There were lustres on the ceiling, there was music in the hall,
The fine old room was lighted up for the happy New-Year's Ball.
The walls and the chandeliers were hung with sparkling evergreen,
And the single eye-glass of the high-bred ass was fixed in a smile serene.

The young were there, and the beautiful, the gallant and the gay,
And they danced, and they talked and flirted, and they laughed in life's heyday,
And they took no heed of the elderly and the stout around who sat,
Who had waists once slim and ankles trim, alas now gummy and fat!

But some of the stout and elderly looked on with leaden eye,
And compared themselves with the blades and belles as they went bounding by,
Fair faces, fine figures, clean limbs, thought they. How much, when time has fled,
Will their sides be about; will their soles, trod out, like our own abroad be spread?

Among those stout and elderly ones there was one who had sat her down,
A lady who bore a humble name, for her husband's own was Brown.
She smiled on the youth and damsels fair, but cared not them to scan,
For her eyes and thought but one object sought, a rosy short round man.

That short round man was her own John Brown, her true and loyal mate,
Though Brown was grey, and not only that, but bald upon his pate,
But she held him the handsomest man alive in country or in town;
And of all womankind there was none in his mind to compare with Mrs. Brown.

John Brown had finished his gossip and chat, and the night was well nigh o'er,
And eighteen hundred and sixty-three was verging on sixty-four.
Like an old buck gay, he had wandered away from his buxom and blooming old bride,
And now he had done with his jokes and fun he returned him to her side.

He made her a bow, like a cavalier, as he drew on a white kid glove,
Saying, "Will you allow me the pleasure of dancing with you, my love?"
"I am sure I shall be most happy," was the glad wife's prompt reply,
"And a good example, faith and troth, we’ll set the standers by."

Down the middle and up again, down, up again and down,
Hands across, round about, in and out danced Mr. and Mrs. Brown,
And a noble Earl to his Countess said, "In fact they are lovers now;
And by Jove I'm told some years have rolled since they plighted the nuptial vow! "
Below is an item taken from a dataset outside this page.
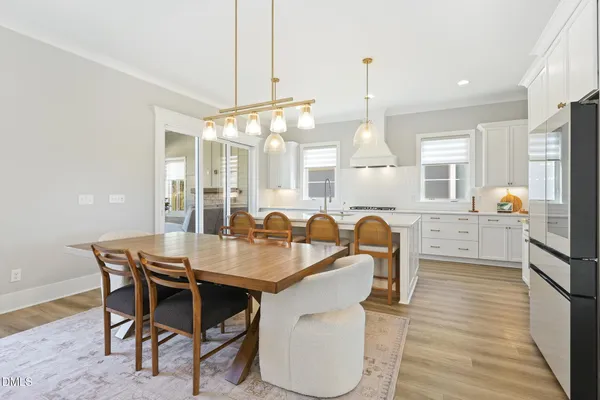 a dining room with furniture a chandelier and wooden floor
So they danced and danced till midnight's tongue the hour of twelve had tolled,
As the bells were ringing the New Year in and ringing out the old,
Till they danced beneath the mistletoe bough and mingled nose and chin,
So will you no doubt, dance the old year out, young folks, and the new one in.

From Punch
http://www.archive.org/stream/punch1864 ... earch/chin

Happy New Year,
Alan

garibaldired
Posts: 647
Joined: Wed Nov 02, 2005 2:42 pm
Location: Dorset, UK

Re: Matrimony under the Mistletoe - 1864.

Post by garibaldired » Fri Dec 31, 2010 4:58 pm

Delightful, Alan!

Happy New Year.
Best wishes,
Meg

nelmit
Posts: 4002
Joined: Wed Dec 15, 2004 11:49 pm
Location: Scotland

Re: Matrimony under the Mistletoe - 1864.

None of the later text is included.